Ah, India. Delicious and disturbing aromas, luxury, misery, glamour, optimism and brutal poverty can all be confronted in less time than it takes to enjoy two courses of some of the world’s most sensual food.
For me, a fleeting observer, coming to terms with India’s poverty has always been a tough call. For the poverty-stricken, it must be unbearable and with few opportunities for escape, which may go some way to explaining the flamboyant absurdities of Indian cinema.
Bollywood, near Mumbai (Bombay), is an enormous studio complex that has elevated schmaltz to an art form churning out hundreds of saccharin films each year to an apparently insatiable audience.
You know the story: plot-free, fanciful scripts loaded with coquettish love scenes on lavish sets punctuated by syrupy song and dance routines involving casts of hundreds….but there’s more.
Kollywood, based in Chennai (Madras), produces Tamil language films. Mollywood pumps out Malayalam language films in Kerala. Lollywood does the same in Lahore in Pakistan, which brings us to Tollywood.
Tollywood produces hundreds of movies in the southern Tegulu and Tamil languages and is based in Hyderabad, the capital of Andra Pradesh state and one of India’s most unusual cities.
Hyderabad is a major centre of ancient Islamic culture.
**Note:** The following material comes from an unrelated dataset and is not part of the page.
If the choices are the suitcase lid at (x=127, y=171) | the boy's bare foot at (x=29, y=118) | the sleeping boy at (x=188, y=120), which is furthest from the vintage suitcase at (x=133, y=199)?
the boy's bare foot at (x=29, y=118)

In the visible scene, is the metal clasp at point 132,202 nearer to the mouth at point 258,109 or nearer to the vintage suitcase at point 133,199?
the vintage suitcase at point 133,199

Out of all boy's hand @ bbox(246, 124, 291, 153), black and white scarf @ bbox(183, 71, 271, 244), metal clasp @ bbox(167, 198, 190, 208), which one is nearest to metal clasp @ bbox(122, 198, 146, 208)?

It’s also home to High-Tech City, known as Cyberabad, where dozens of global information technology giants such as Microsoft, Oracle and Motorola have bases.
A strangely harmonious blend of religions, of northern and southern customs and cuisines, of the ancient and ultra-modern, this is a city of magnificent mosques, minarets, Hindu temples, throbbing bazaars, palaces, parks and – giant movie posters.
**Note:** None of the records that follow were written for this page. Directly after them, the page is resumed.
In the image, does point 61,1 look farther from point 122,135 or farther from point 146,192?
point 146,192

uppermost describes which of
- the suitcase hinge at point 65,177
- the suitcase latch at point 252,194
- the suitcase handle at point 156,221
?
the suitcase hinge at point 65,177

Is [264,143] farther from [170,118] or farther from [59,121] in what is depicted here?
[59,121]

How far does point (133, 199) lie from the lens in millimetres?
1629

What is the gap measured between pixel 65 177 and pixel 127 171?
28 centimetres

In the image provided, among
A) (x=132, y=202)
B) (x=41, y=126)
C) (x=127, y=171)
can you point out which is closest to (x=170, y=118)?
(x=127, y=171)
I lost interest in movies years ago but in my luxurious room at the Taj Krishna Hotel in fashionable Banjara Hills where lots of Tollywood stars live, I sprawled on the plush sofa to surf some local TV.
All I found were about 40 channels screening Indian movies, all of which had one thing in common; they were unremittingly tedious. Then onto the screen, appeared one of humankind’s most exquisite creatures.
Portraying a heroine called Sneha in a forgettable dud entitled “Aashiq Banaya Aapne” was Tanushree Dutta, then a 23 year old bachelor of commerce student, Miss India Universe 2004 and now an ascendant Bollywood star. But the film was in its dying throes in more ways than one and I fell asleep.
I woke to the rustle of the Times of India being slid under the door. Inside was a story about a 30 year old woman who had thrown her young niece out of a moving train, an advice piece on “constipation, a common problem, that can be rectified with some care” and the news that Tanushree Dutta was in town to film something called “Virabhadra” opposite a local Tollywood hero named Balakrishna.
This was significant news as I was heading that day to the epicentre of Tollywood film production 25kms from Hyderabad called Ramoji Film City, a state of the art 800-hectare “dream factory” set in rolling pink-granite badlands where outlaws once took refuge.
It’s a gigantic movie lot that can produce 1,400 films a year with 47 sound stages, lavish outdoor sets, lovingly manicured gardens, plenty of tourist accommodation and it stars in the Guinness Book of Records as the world’s largest movie studio.
I settled into the five-star lobby of the on-site Sitara Hotel, where most of the visiting movie types stay, for a little star spotting. But there was nobody who looked remotely like a star.
I tried again at dinner in the hotel’s Galaxy Restaurant but it was almost empty. There was, however, a superb buffet of regional fare including the Hyderabadi specialty, biryani, “baked” saffron rice and curried mutton.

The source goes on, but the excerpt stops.